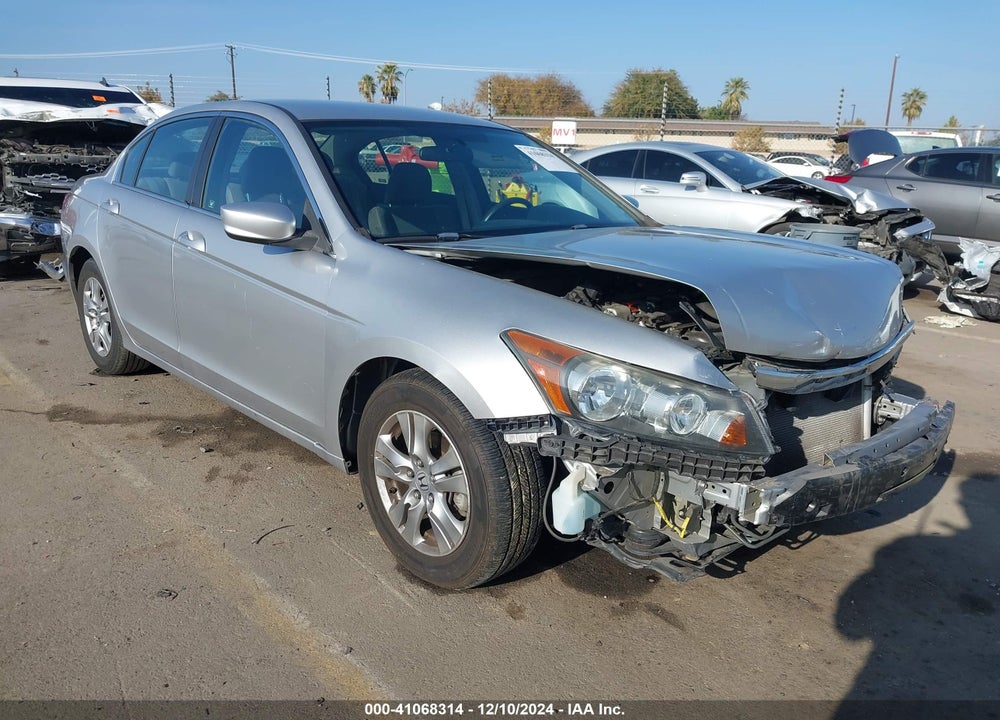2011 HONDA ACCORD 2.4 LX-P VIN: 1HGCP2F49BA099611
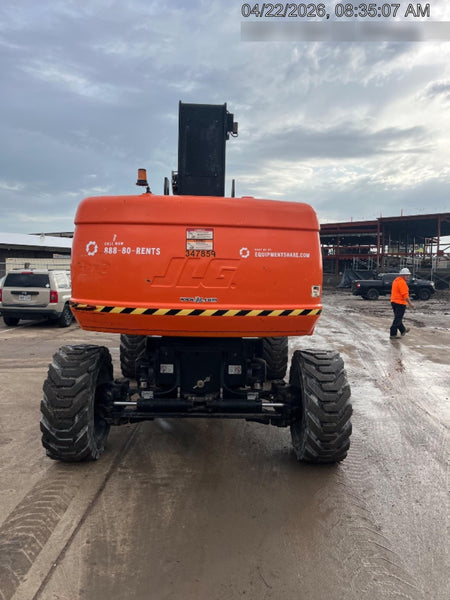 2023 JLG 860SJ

==

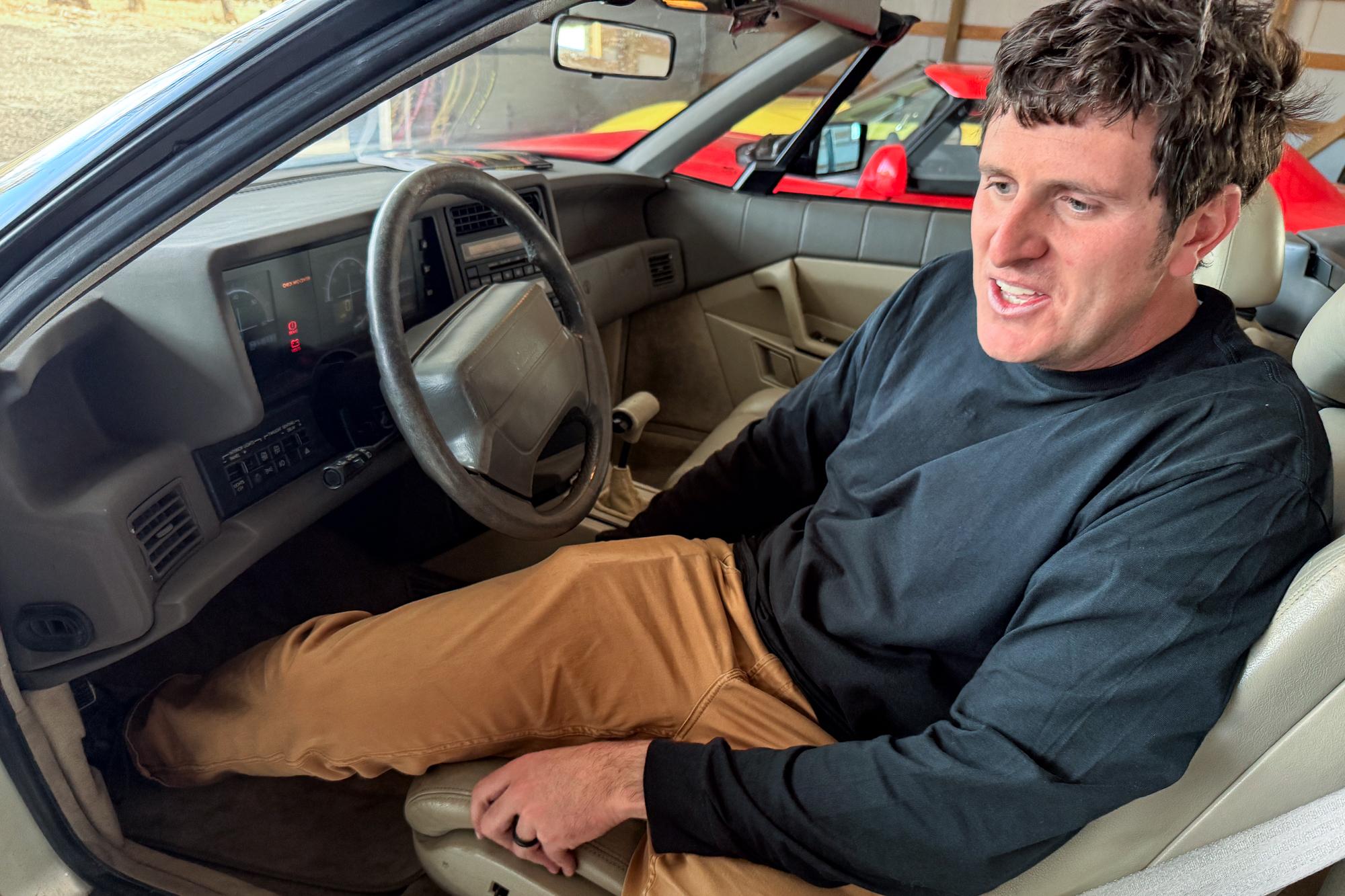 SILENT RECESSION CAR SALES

## WHAT IS REQUIRED
Reproduce word for word, with pictures dropped, only the part of the material above that opens with the line containing "2011 HONDA ACCORD" and closes with the line containing "2023 JLG 860SJ".

## COMPLETED EXERCISE
2011 HONDA ACCORD 2.4 LX-P VIN: 1HGCP2F49BA099611
 2023 JLG 860SJ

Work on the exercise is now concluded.